-- Records supplied follows --

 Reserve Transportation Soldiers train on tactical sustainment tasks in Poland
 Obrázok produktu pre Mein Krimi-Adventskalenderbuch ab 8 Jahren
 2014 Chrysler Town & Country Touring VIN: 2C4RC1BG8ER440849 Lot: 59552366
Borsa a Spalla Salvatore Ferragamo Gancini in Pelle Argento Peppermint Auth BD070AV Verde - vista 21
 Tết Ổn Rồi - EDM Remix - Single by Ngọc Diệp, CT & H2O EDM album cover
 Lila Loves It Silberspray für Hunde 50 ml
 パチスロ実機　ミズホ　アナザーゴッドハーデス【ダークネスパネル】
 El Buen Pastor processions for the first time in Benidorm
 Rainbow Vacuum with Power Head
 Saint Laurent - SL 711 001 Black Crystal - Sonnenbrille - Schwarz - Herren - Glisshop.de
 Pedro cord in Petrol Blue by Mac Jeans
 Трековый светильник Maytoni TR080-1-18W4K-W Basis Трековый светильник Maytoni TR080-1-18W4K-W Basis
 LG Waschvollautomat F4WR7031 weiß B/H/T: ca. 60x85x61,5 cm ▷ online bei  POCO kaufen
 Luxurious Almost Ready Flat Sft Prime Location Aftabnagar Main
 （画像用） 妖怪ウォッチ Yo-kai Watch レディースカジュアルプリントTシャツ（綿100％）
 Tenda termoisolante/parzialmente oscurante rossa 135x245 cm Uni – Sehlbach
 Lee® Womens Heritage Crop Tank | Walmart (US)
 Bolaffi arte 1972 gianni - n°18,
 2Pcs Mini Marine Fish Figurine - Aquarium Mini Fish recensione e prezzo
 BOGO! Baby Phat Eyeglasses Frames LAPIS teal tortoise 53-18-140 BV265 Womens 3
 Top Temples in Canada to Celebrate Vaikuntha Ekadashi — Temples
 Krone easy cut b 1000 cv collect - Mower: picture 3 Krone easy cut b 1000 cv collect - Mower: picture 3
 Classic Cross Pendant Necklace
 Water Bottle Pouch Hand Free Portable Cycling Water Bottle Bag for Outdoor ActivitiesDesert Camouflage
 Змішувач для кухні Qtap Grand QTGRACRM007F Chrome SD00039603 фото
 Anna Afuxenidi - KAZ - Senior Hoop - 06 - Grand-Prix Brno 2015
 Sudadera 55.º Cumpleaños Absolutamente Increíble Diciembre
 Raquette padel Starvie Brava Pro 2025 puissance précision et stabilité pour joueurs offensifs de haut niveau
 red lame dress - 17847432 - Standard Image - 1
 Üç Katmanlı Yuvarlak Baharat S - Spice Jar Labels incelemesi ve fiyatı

-- Records supplied concluded --

#### Exercise prompt:
In how many lines of the entries does "Womens" appear? Reply with only the number.

#### Finished task:
2